### Your instructions
Without including any images, reproduce each entry exactly.

[Stored records]

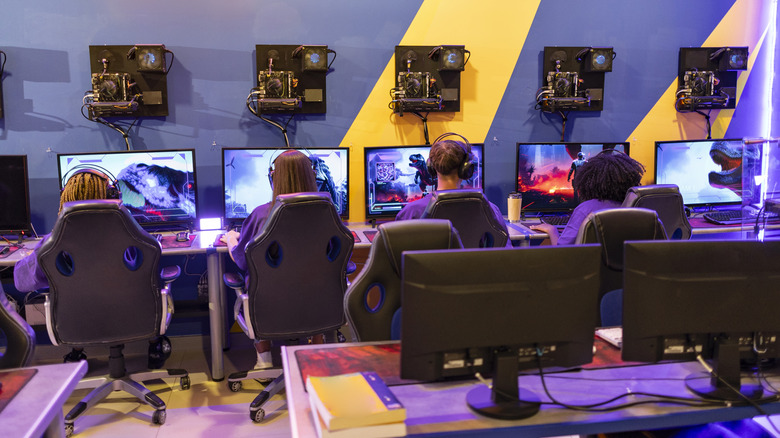 A group of four gamers all sitting at PCs in a line at a competitive gaming event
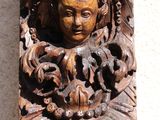 carved wood carving of a man with a bird on his head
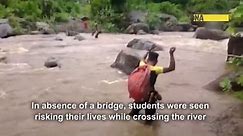 In absence of bridge, students cross river with help of rope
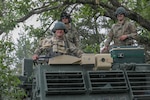 HIMARS crew members in the 1-147th Field Artillery Battalion, South Dakota National Guard, conduct annual training, waiting for orders inside their M270A1 MLRS at Camp Ripley Training Center in Minnesota July 15, 2021. The main mission of the 1-147th FA is to deliver precision fire on enemies.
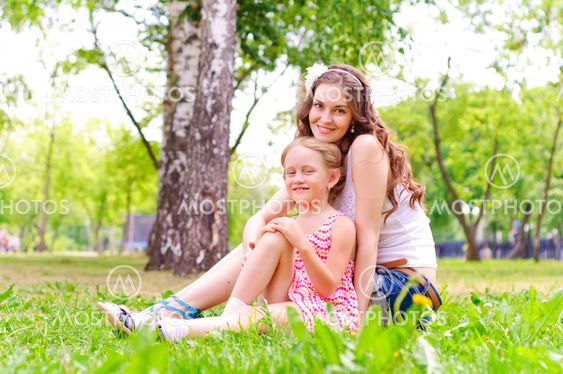 mother and daughter sitting together on the grass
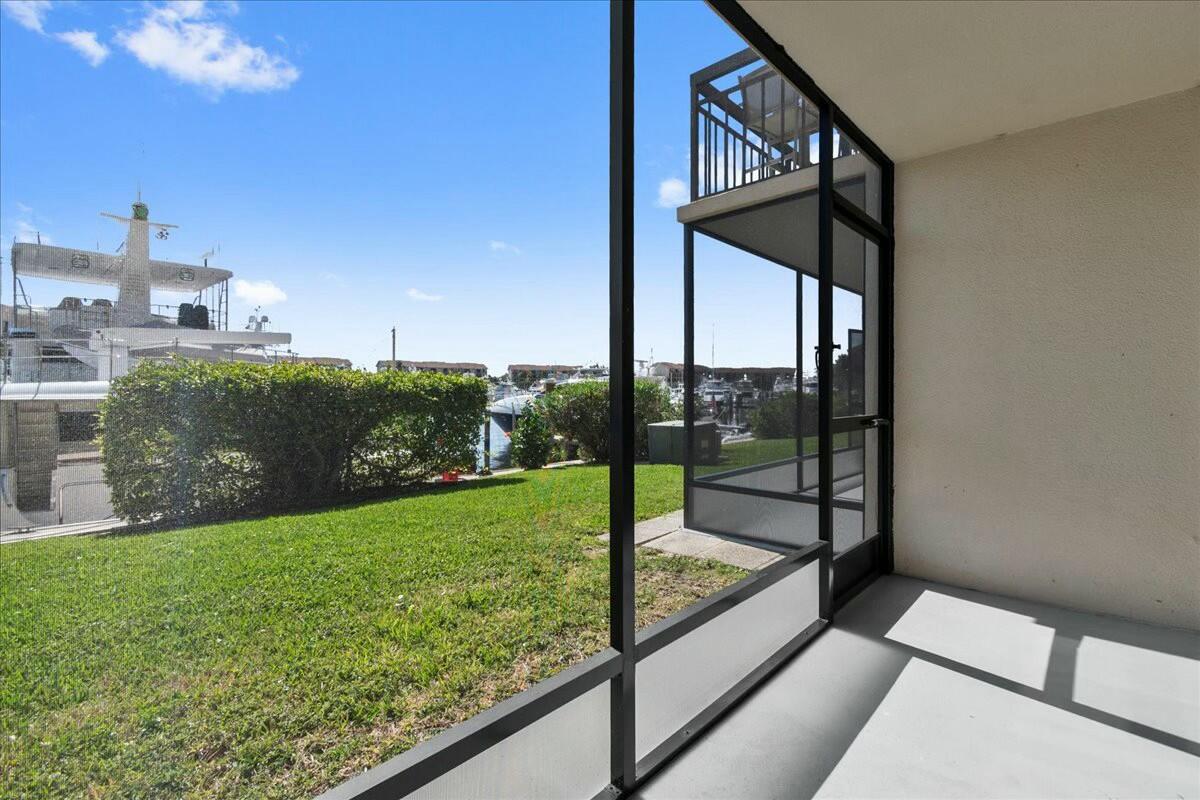 2601 Marina Isle Way, Unit 103 Jupiter, FL 33477 - Photo 23 of 56 a view of a balcony with yard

### Task output
 A group of four gamers all sitting at PCs in a line at a competitive gaming event
 carved wood carving of a man with a bird on his head
 In absence of bridge, students cross river with help of rope
 HIMARS crew members in the 1-147th Field Artillery Battalion, South Dakota National Guard, conduct annual training, waiting for orders inside their M270A1 MLRS at Camp Ripley Training Center in Minnesota July 15, 2021. The main mission of the 1-147th FA is to deliver precision fire on enemies.
 mother and daughter sitting together on the grass
 2601 Marina Isle Way, Unit 103 Jupiter, FL 33477 - Photo 23 of 56 a view of a balcony with yard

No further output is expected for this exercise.